One important point to understand here is concealed by a technicality of how leverage works. You see, the leverage influences the margin, however it does not influence pip value - trading volume does.
It is true that higher leverage can be used to trade higher volumes. Overtrading, whether by opening too many orders or opening orders that are too big would simultaneously lead to less free margin and a higher pip value. As a result, the trading account becomes much more susceptible to margin calls because it simply cannot withstand the market volatility. This is a textbook example of how not to start Forex trading. Poor money and risk management can get an account balance wiped clean before a trader has even got started with Forex. Read this article about the top 10 money management tips.
On the other hand, assuming all other things are equal and higher leverage is used to trade the same volumes as you would with a lower leverage, you get more free margin keeping the same pip value. As result, your account can withstand higher volatility.
First and foremost, never trade with the funds you can not afford to lose. Starting out in Forex trading is just like starting to trade in any other finacial market - a risky business where only risk capital should be used. Trading with money one can afford to lose also eases the strain on the trader's psyche, which will be heavily tested as it is, especially on the early stages of learning how to get started with Forex trading.
Most beginner traders are cautious with their initial deposits, but often deposit much larger sums after getting a taste of Forex trading. This usually means two things; they lost the initial deposit, while growing anxious and excited, so aim to recoup with the help of additional funds and higher volumes. Sooner or later the double-or-nothing strategy inevitably leads to disaster, and in Forex it is often sooner rather than later.
Consider what funds you can afford to lose should you face any losses. Just remember that in Forex, it is not the market that will be your potential downfall - it's you.
A trading terminal or a trading platform is the software which a trader uses to perform trading activity.
When learning how to start Forex trading from home a lot of traders start by getting acquainted with the platform. There are many kinds, and usually more than one is offered by each broker. They all work more or less the same and include a list of financial instruments available for trading, a terminal with information about your balance, margin, equity, free margin and ongoing trades, and the chart screen that informs you of the price-time action of a selected instrument. Once you get the hang of using one of the platforms, you will get them all.
For a fundamental kind of a trader, a platform is merely a tool for order placing.
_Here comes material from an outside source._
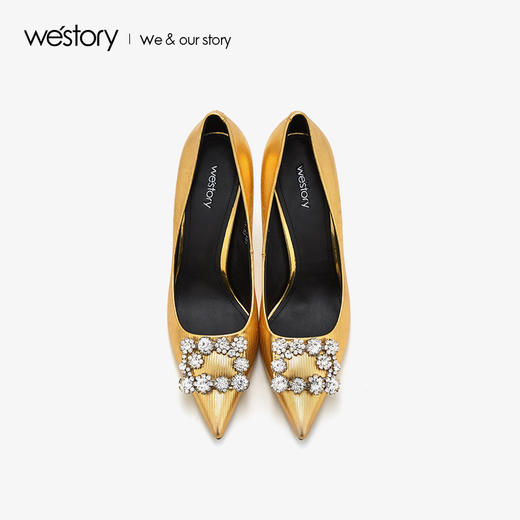 westory2019夏秋新品西式高跟鞋女尖头水钻优雅婚宴W29CE70171 商品图2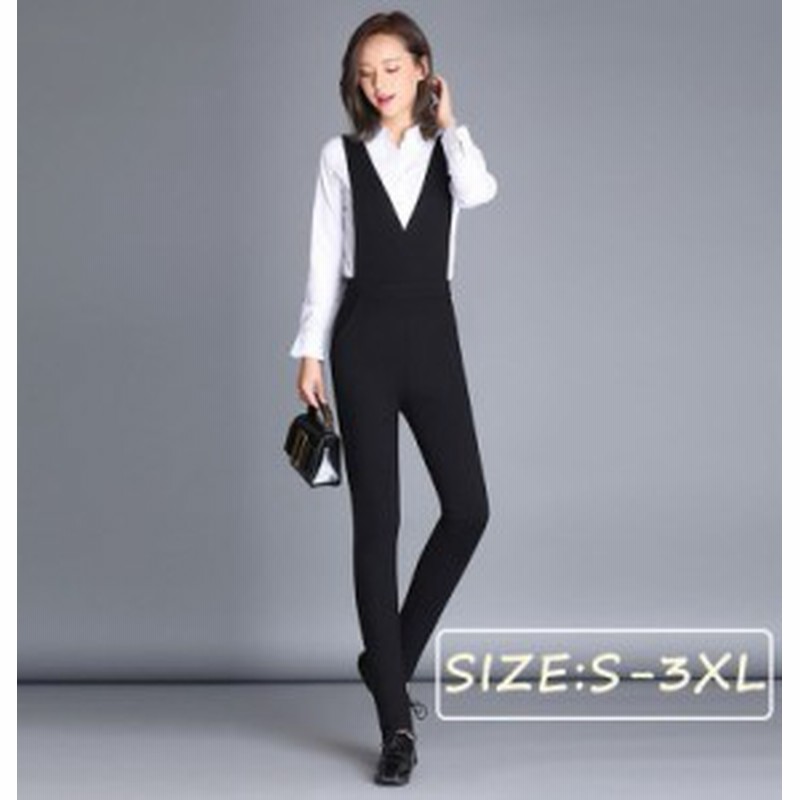 人気新作 サロペット オールインワン Vネック レディース サスペンダー おしゃれ 秋服冬服 カジュアル 着痩せ 黒 通勤 通販 Lineポイント最大1 0 Get Lineショッピング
For the technical trader however, a platform is also a tool of analysis, as it enables various charting techniques as well as the usage of technical indicators.
Let the trading begin
It is highly recommended to anybody interested in learning how to start trading Forex online to read as much as possible. There will be a lot of duplicated information, especially at entry level, but the more you read the clearer things will be and the more idea you will have on what to do next.
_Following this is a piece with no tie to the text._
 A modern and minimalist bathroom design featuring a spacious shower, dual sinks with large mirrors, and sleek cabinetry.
This wraps up the basics on how to get started in Forex trading. If you have never traded before, start a demo account. It takes just five minutes of your time, costs you nothing and allows you to safely experience the Forex market. Practice on a demo account, but only long enough to understand the mechanics. To learn about actual trading and to get a real feel for being in the market you need to trade on a live account, but that will come with time.